> _EXERCISE OBJECTIVE_:
In the entries below, count each line where "gonna" appears. Give the total and nothing more.

> _Stored items from a collection_:
---------------

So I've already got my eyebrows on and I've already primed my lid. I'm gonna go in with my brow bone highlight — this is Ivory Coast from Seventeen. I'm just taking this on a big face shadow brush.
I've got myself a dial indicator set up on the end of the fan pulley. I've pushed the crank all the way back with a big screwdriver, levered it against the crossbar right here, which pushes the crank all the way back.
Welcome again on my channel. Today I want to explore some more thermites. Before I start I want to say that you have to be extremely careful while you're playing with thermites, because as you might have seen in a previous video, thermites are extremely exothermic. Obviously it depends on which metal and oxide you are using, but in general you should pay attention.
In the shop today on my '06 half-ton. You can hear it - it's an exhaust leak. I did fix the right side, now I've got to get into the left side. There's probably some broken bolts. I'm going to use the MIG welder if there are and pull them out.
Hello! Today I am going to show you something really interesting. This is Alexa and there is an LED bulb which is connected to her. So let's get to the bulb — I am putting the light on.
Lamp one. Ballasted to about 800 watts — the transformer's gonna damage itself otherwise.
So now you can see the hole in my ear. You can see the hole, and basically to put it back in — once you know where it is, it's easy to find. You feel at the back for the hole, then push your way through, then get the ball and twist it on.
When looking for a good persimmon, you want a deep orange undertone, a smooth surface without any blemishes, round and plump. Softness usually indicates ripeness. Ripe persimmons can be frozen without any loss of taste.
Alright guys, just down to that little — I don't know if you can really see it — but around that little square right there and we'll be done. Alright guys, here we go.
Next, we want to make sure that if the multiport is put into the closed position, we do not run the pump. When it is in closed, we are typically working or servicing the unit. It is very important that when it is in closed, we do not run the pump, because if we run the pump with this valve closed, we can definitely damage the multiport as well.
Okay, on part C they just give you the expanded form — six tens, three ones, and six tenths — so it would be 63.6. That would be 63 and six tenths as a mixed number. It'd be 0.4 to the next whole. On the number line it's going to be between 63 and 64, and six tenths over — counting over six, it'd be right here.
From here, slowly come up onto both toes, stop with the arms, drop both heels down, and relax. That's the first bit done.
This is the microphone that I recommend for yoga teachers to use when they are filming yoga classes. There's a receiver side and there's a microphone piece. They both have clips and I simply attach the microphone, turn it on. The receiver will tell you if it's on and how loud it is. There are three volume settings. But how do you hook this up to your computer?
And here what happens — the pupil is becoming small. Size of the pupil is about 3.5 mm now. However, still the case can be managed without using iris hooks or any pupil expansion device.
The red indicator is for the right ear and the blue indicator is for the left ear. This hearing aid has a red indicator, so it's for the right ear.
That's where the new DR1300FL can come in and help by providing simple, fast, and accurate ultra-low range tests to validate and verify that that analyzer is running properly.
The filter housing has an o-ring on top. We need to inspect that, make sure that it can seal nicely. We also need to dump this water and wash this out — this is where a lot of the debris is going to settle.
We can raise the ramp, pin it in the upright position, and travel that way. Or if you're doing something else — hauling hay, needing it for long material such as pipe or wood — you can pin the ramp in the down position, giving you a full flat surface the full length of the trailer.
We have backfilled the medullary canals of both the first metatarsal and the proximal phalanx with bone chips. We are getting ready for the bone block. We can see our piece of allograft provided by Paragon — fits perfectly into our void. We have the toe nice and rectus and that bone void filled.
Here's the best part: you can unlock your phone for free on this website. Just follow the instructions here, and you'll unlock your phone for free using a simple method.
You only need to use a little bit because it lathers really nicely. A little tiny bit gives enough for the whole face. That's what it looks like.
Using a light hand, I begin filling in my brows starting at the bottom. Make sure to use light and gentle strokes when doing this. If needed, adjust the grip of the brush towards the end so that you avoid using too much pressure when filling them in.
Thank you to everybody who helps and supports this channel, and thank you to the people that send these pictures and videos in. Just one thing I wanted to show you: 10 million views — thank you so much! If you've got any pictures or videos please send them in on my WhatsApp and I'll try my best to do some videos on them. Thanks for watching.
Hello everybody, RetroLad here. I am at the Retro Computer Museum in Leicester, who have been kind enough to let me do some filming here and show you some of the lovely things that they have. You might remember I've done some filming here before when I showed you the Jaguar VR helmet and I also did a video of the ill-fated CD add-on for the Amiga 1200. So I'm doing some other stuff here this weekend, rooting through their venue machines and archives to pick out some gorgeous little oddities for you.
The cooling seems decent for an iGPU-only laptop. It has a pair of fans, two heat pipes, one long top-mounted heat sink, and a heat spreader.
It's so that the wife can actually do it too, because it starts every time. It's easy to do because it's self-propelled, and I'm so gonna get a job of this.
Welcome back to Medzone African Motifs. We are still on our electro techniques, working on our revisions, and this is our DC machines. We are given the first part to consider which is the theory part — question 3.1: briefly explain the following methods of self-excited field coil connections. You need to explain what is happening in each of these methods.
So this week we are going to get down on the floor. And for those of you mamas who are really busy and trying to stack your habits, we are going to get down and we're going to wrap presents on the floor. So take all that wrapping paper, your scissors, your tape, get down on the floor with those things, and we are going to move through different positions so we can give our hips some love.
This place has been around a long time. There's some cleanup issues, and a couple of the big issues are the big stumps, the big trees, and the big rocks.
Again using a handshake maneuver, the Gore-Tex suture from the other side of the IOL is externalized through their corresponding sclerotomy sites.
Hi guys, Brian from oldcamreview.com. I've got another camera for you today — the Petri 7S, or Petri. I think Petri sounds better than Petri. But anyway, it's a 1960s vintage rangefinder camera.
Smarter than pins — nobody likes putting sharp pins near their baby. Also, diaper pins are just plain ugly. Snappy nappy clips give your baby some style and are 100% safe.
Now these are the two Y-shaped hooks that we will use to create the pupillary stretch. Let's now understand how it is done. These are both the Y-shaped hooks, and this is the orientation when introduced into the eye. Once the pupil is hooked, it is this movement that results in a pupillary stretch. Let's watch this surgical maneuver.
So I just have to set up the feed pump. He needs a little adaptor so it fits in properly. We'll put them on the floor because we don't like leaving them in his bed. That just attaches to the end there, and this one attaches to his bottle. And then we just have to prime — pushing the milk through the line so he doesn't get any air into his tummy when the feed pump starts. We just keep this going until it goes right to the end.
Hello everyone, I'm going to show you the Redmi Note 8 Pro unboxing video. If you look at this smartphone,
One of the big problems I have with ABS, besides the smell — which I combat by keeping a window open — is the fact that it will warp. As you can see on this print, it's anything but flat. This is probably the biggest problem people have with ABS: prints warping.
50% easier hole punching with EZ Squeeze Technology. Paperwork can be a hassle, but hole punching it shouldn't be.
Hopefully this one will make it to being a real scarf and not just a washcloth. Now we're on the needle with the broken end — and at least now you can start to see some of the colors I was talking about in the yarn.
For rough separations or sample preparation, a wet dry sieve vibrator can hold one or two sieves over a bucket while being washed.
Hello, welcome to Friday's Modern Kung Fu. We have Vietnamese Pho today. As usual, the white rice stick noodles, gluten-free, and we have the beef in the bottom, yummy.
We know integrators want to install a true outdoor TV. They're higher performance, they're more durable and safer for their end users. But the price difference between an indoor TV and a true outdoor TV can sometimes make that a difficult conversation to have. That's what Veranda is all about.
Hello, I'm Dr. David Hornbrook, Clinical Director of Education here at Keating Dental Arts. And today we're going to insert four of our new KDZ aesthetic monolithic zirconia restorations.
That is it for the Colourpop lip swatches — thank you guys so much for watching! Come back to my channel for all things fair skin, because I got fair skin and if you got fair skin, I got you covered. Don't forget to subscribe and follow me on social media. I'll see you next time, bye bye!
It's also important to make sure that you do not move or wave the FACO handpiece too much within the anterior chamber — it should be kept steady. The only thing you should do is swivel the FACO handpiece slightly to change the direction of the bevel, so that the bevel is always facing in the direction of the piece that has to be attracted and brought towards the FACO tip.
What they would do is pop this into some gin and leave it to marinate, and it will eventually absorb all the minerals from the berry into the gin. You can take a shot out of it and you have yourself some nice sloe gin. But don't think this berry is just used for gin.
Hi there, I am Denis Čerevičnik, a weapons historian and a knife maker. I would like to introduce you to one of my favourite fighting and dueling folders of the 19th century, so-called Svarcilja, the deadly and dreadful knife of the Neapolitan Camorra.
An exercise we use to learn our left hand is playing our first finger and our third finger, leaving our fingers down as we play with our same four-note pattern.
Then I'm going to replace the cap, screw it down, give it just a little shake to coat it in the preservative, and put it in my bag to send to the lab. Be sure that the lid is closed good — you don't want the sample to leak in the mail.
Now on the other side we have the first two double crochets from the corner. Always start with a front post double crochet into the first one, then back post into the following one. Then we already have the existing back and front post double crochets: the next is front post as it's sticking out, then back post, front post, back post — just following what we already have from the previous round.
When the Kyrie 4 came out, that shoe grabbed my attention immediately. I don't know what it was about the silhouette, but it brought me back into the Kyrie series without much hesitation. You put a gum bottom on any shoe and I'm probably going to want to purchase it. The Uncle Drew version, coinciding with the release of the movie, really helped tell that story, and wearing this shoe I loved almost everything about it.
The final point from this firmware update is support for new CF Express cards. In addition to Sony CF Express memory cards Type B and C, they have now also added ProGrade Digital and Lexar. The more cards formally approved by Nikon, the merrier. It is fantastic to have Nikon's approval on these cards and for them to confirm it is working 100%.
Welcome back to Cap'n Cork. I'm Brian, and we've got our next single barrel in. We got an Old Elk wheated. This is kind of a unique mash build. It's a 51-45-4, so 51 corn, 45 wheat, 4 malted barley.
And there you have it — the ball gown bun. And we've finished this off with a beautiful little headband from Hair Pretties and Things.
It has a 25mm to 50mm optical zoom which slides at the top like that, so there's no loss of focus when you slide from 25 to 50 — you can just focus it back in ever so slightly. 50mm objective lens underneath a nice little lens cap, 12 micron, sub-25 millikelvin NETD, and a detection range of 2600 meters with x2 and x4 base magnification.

---------------

> _RESPONSE AREA_:
3